Eric Trump asked hotel exec to revamp firm's outdated bookkeeping
Eric Trump needed help with the Trump Organization's finances after the company's chief financial officer Allen Weisselberg was removed from his role following his indictment in 2021, according to Trump Hotels executive Mark Hawthorn.
According to Hawthorn's testimony, the company relied on an outdated and inefficient approach to bookkeeping, including authorizing only three individuals -- Weisselberg, Donald Trump Jr. and Eric Trump -- to write checks for the Trump Organization until as late as 2021.
Weisselberg signed most of the company's disbursements, leaving Eric and Don Jr. in uncharted waters once Weisselberg was removed, Hawthorn said.

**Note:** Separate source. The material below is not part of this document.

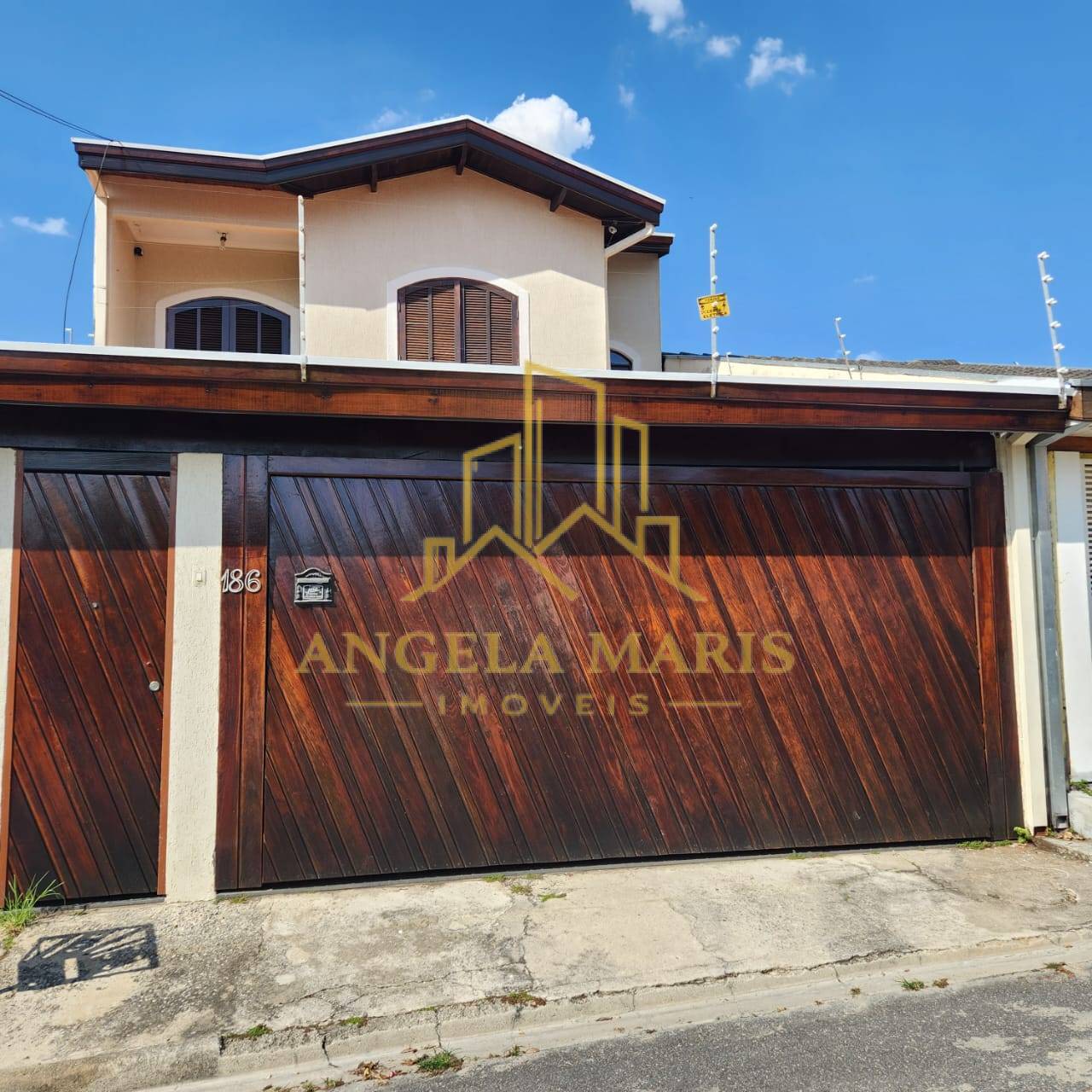 Casa, 3 quartos, 220 m² - Foto 2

"He had a stack of checks [on his desk] to sign that was very high," Hawthorn recalled regarding a summer 2021 meeting during which he said Eric Trump requested Hawthorn's help applying his experience running Trump's hotel division.
"Mark, how do you do this in the hotel division?" Eric asked, according to Hawthorn.
"We don't do it like this," Hawthorn said he replied.
The meeting, according to Hawthorn, prompted him to begin an effort to revise the Trump's Organization's bookkeeping policies to replicate his work in Trump's hotel division, which he ran as its chief operating officer. Following Eric Trump's request, he imposed a standardized paperless approach to bookkeeping, so entities could be compared on an "apples to apples basis," Hawthorn testified.